Last January, I spent 24 hours in Baghdad with Lieutenant Colonel Steven Miska, an extremely capable deputy brigade commander, who introduced me to some of the Iraqi interpreters on his base. In March, when my article, "Betrayed," appeared, Miska wrote me to say that he was going to commit himself to getting his unit's local staff who were under threat out of Iraq and into the U.S. Now Miska is at the end of his 15-month tour and about to leave Iraq. Last night, he wrote in an e-mail:
We have five Iraqis in the U.S., all interpreters. We have more than two dozen more with packets in various stages of completion. Even though this is the special [immigrant] visa streamlined process, I don't think the Iraqis could have figured it out without my staff. It took a concerted effort to decipher the system and develop the points of contact at each echelon to work through the red tape. We have had more success than most. Still, the policy calls for the final visa approval to take place in Amman. Iraqis must come up with an alibi to get to Amman, as "I'm going to the U.S. Embassy" will get you quickly turned around at the Jordanian border.We set up a bit of an underground railroad from our location and it has worked.
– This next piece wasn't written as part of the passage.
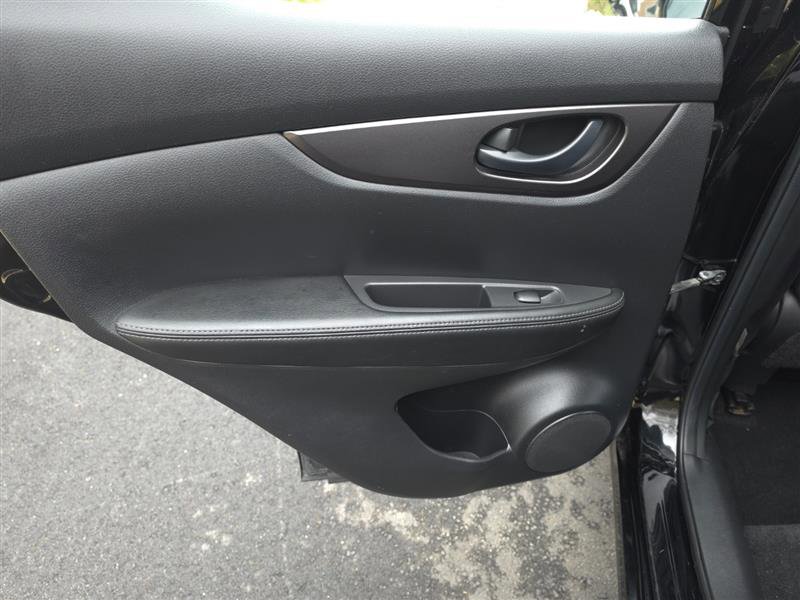 Used 2018 Nissan Rogue Sport S AWD/4WD image 33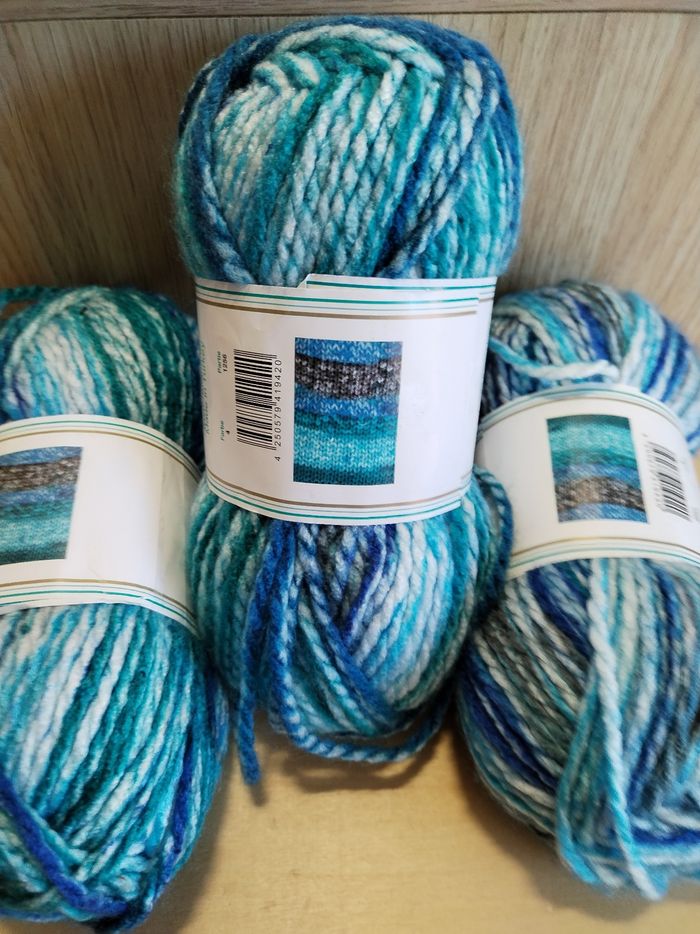 Lot de 3 pelotes de laine dégradé bleu turquoise blanc - photo numéro 4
So here is one soldier who has made it his last mission not to leave his Iraqi friends behind. Many other soldiers are doing the same thing, as individuals and through organizations like the Iraq and Afghanistan Veterans of America. In the case of the military, the reason is clear: an institutional ethos and shared dangers create a debt of gratitude and a strong bond. A handful of civilian officials from various departments are also pushing on behalf of their Iraqi friends. But the State Department, as an organization, has disgraced itself.
It lobbied against a Senate resolution that would increase the number of special immigrant visas for Iraqis by tenfold and allow applications to be reviewed inside Iraq. After promising to resettle seven thousand Iraqis here this fiscal year, it managed only sixteen hundred and eight. After promising to resettle twelve thousand in fiscal year 2008, it started off with just four hundred and fifty in October. The projected numbers are meaningless P.R., which is how the department treats the issue. Watch this State Department podcast of an interview between the department's spokesman, Sean McCormack, and Ellen Sauerbrey, the Assistant Secretary of State for Population, Refugees, and Migration. Sauerbrey, a political appointee, comes off as a nice person who's completely out of her depth. Look at her expression, listen to her voice, and tell me that you think Iraqi refugees are in good hands. At one point, McCormack mentions the twelve-thousand figure, asking, "This calendar year?" Sauerbrey doesn't correct him. Is she ignorant? Deceptive? It doesn't really matter. Somehow, this twice-defeated candidate for governor of Maryland is serenely certain that "we will easily reach twelve thousand." She also explains that Iraqis can't have their applications processed in Baghdad partly because of concern for their safety during the "three to four months of waiting." And yet, a moment later, she admits that, with all of Iraq's neighbors shutting their borders to refugees, "there really is no place that Iraqis can go if they are fearful, except to find shelter in another part of Iraq." In other words: we know that you can't flee, but we're too worried about your well-being to help you where you are. Sauerbrey ends this ten-minute propaganda film with a complacent lie: "We feel such a strong moral obligation and commitment to help these Iraqis that did help us."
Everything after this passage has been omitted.